At least 9 dead as typhoon hits northern Japan

By MARI YAMAGUCHI - Associated Press 31 August 2016, 12:00AM

At least nine elderly people were killed when their nursing home was flooded in northern Japan after Typhoon Lionrock dumped heavy rains on the area.

The bodies of all nine residents were found at a nursing home in the town of Iwaizumi in Iwate prefecture, when police were checking another facility in the flooded neighborhood, said Takehiro Hayashijiri, an official at a prefectural disaster management division.

Hayashijiri said identity of the bodies or other details, including whereabouts of their caretakers, were not known. NHK said the nursing home was for the residents with dementia.

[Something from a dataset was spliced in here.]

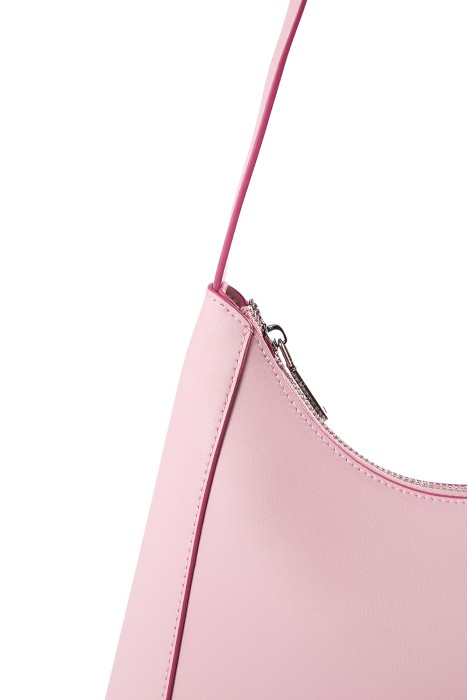 сумка из натуральной кожи от бренда снежная королева вид слева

Japan's NHK national broadcaster said authorities have found two more bodies in another town in Iwate.

Its footage showed the nursing home partially buried in mud, surrounded by debris apparently washed down from the mountains. A car by the home was turned upside down.

"We're making a government-wide effort to assess the extent of damage," Chief Cabinet Secretary Yoshihide Suga told reporters.

The government sent Self-Defense Forces to help in the rescue and cleanup of the damage caused by the typhoon.

At least two rivers swollen by the typhoon broke through their banks, flooding areas in northern Japan.

The embankments gave way before dawn on Wednesday on the northern island of Hokkaid, said NHK, quoting Japan's Ministry of Land, Infrastructure and Tourism.

Authorities in the town of Minami-furano are reporting many people trapped in houses and shelters by flooding from the Sorachi river, NHK said.

Aerial photos from Kyodo News service also showed serious flooding south of Hokkaido in Iwate prefecture on Honshu, Japan's main island.

Typhoon Lionrock slammed into northern Japan on Tuesday evening, hitting an area still recovering from the 2011 tsunami.

The Fire and Disaster Management Agency said at least three people were injured in three northern prefectures — Aomori, Akita and Miyagi since Tuesday.

It made landfall near the city of Ofunato, 500 kilometers (310 miles) northeast of Tokyo late Tuesday before moving away from Japan. It's the first time a typhoon has made landfall in the northern region since 1951, when the Japan Meteorological Agency started keeping records.

More than 170,000 people were subject to evacuation, including 38,000 in Ofunato, according to the Fire and Disaster Management Agency. More than 10,000 homes in the northern region were without electricity, with power lines damaged from the winds.

The scene of large parts of northern Japan covered with muddy water was a shocking reminder of the tsunami disaster that struck the region five years ago.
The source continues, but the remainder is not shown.